Here's what's happening to all the tree branches piled up on Austin curbs
The winter storm in February loaded trees with a thick layer of ice causing them to bend and break. Since then, tree limbs have lined neighborhood sidewalks, as Austin residents sawed off weakened branches and dragged fallen ones to the curb.
Overall, almost a third of the city’s tree canopy — or about 10.5 million trees — were damaged during the storm, based on estimates from the Texas A&M Forest Service.
So, what happens to all those broken tree limbs now?
Austin Resource Recovery, the city department that is managing the residential cleanup, has about 70 city and contracted crews collecting yard debris from curbs.
Austinites can call 311 to make a request to have their debris picked up. So far, the city has received about 39,000 requests — mostly from areas west of MoPac.

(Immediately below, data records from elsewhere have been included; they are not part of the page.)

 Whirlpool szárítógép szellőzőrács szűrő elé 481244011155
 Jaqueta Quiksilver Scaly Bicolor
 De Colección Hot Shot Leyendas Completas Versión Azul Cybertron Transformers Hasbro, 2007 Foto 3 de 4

The department says while crews will make their way through all neighborhoods, it is using those service requests to determine which neighborhoods and regions are ready for pickup.

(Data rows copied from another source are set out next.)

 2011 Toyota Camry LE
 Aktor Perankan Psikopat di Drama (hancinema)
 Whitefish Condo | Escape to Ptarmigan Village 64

ARR expects to complete a first pass through all Austin neighborhoods in the next seven to 10 days, according to Austin Resource Recovery Division Manager Amy Slagle. She said second and third passes are expected to be completed by April 30.
The equipment crews use varies, but you may notice some large double-trailer trucks making their way through residential streets with mechanical arms lifting and loading the large stacks of branches.
Director of Austin Resource Recovery Ken Snipes said at a news conference Wednesday that crews have collected about 100,000 tons of debris already.
"This has been a massive and extensive effort here in the city of Austin," Snipes said. "[It's] much more debris than we've collected at any other time for any other storm events or any other situations that we've had to deal with in terms of recovery efforts."
When full, the trucks will drop off the collected debris at an intermediate point, like the Circle C Metropolitan Park, Bolm District Park or Old Manor Road. Those are not public drop-off sites. Only contracted crews are permitted to unload there.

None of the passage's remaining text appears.